Le trait c’est le but, l’idéal, le modèle, alors que le voilier, c’est la réalité concrète avec laquelle nous devons nous débattre. L’art du navigateur, c’est de trouver la route qui arrivera à bon port malgré tout, au bout d’un temps plus ou moins long.
Aujourd’hui je ne fais plus de bateau, mon père est mort, et les cartes marines ont rejoint les sextants et les astrolabes au nombre des objets décoratifs. Les marins utilisent des GPS.

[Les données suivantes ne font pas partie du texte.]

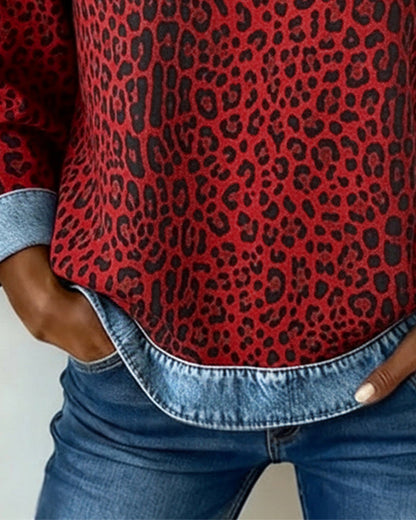 Bronte - Women's Leopard Patchwork Sweater - photo 9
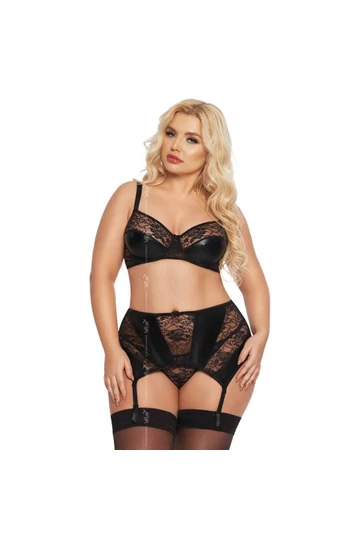 Softline Joana szexi fekete csipke molett fehérnemű szett XL Softline Joana szexi fekete csipke molett fehérnemű szett XL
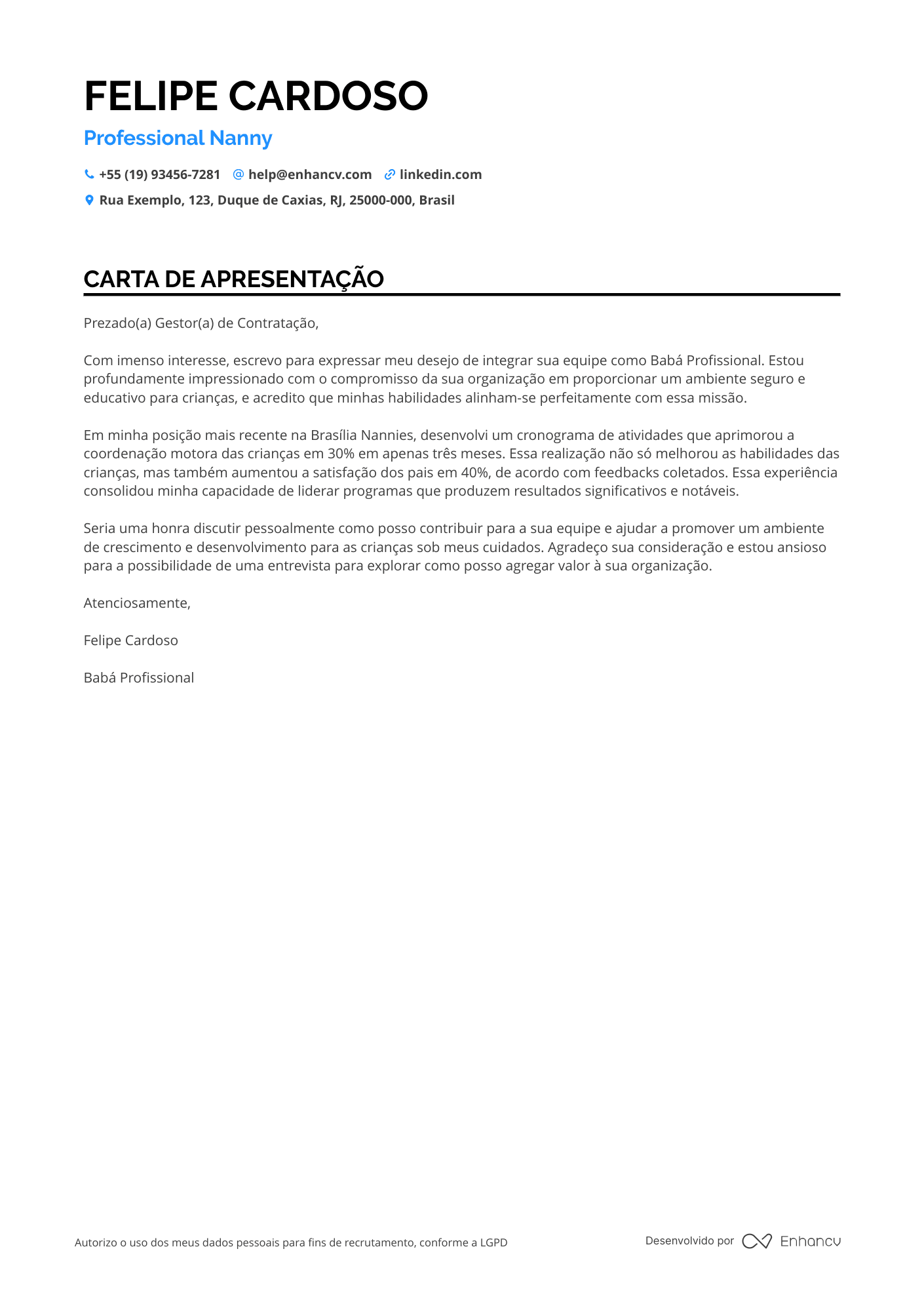 Babá Sênior Resume Example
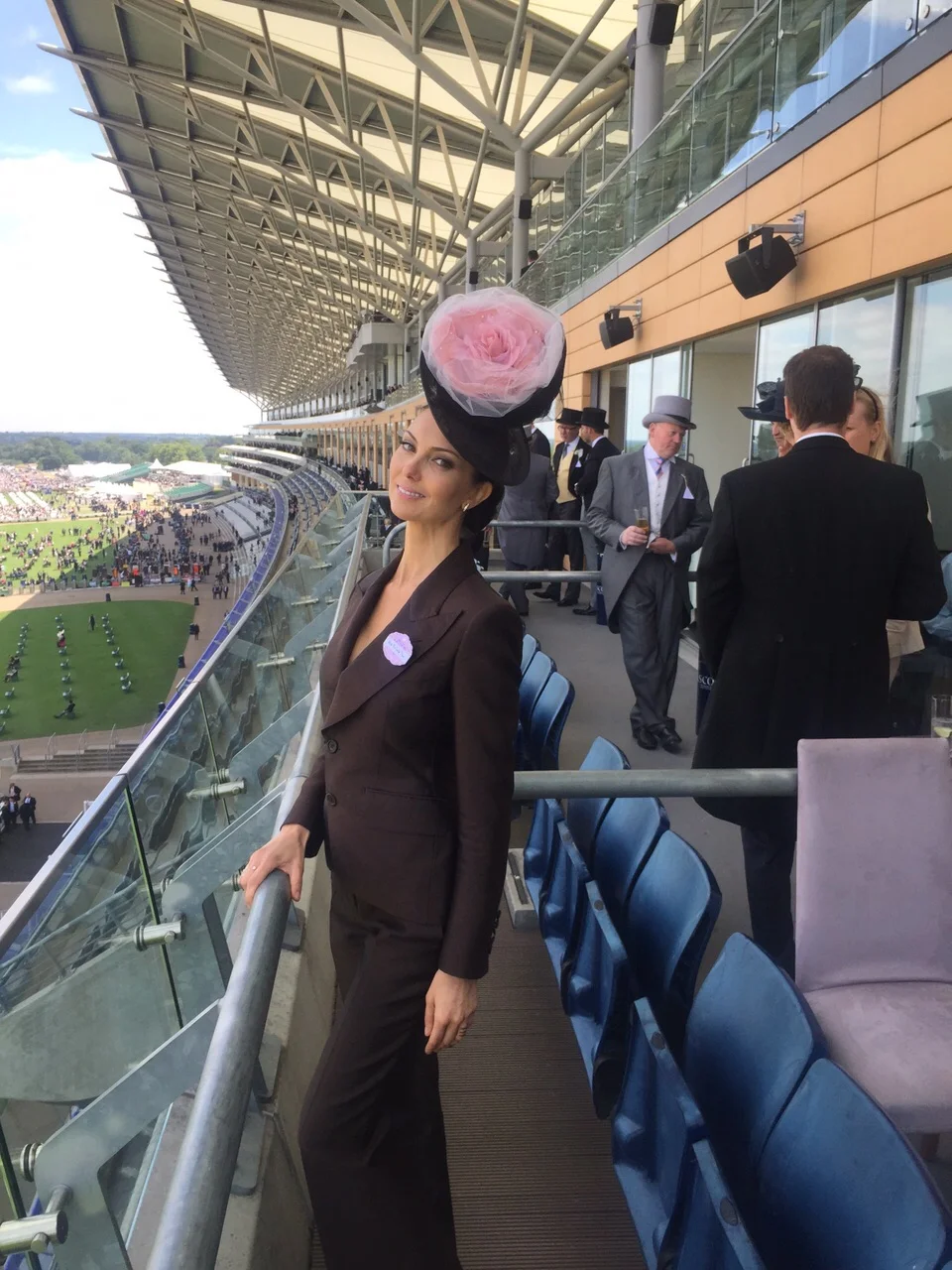 Olga Stepp, Make-Up Artist and Image Consultant wore Monique Lee Millinery hat "Paeonia Dinner Plate" at Royal Ascot 2017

Ecrit pour l’éblouissante @temptoetiam
À la place
Je suis actuellement bloqué à mon bureau pour finir une traduction sans grand intérêt, sinon m’apprendre des mots exotiques tels que « pultrudé », « solin » ou « verrière en shed ». A la place je préfèrerais être :
– à la Réunion, avec mes amis et leur fils que je n’ai jamais rencontré et ma fille qu’ils ne connaissent pas – trois ans qu’on se dit « Bientôt ! », et ce ne sera encore pas pour cette année ;
– sur un voilier, quelque part sur la côte atlantique, avec les enfants dans les couchettes tandis qu’on papoterait dans le cockpit – mais pour ça il aurait fallu apprendre à naviguer quand j’en ai eu l’occasion, au lieu de renâcler et de me dire que j’aurai tout le temps plus tard ;
– à la plage, sur une île d’ici par exemple, les pieds dans le sable froid et un pull sur les épaules, avec quantité d’idées absurdes et le besoin viscéral de les mettre en oeuvre immédiatement (faire un très grand brasier, des jeux, un tournoi de sumo, du théâtre) – mais pour ça il faudrait que j’ai à nouveau 16 ans, ou à tout le moins trouver un moyen pour échanger un peu de la discipline conquise contre un peu de la fantaisie perdue en chemin ;
– attablé dans ma cour, avec des amis tout autour de la table, de l’alcool à foison et une inexplicable amnésie quant au fait qu’il faudra tous nous lever dans quelques heures pour nourrir et divertir nos enfants respectifs – mais ça ne nous arrive plus jamais, ou alors on se trouve soudain perdus comme des gosses encombrés de leur liberté – on n’a plus l’habitude de devoir discuter sincèrement, je veux dire d’autre chose que de boulot, de logistique et de puériculture ;
– à Berlin, de retour au port de Tempelhof, mais avec ma famille cette fois ;
– encore capable d’apprécier les films de merde que j’aimais tant et qui désormais m’ennuient sans plus offrir le moindre réconfort – mais je soupçonne que ça aussi, ça a quelque chose à voir avec le fait d’être devenu un vieux raseur.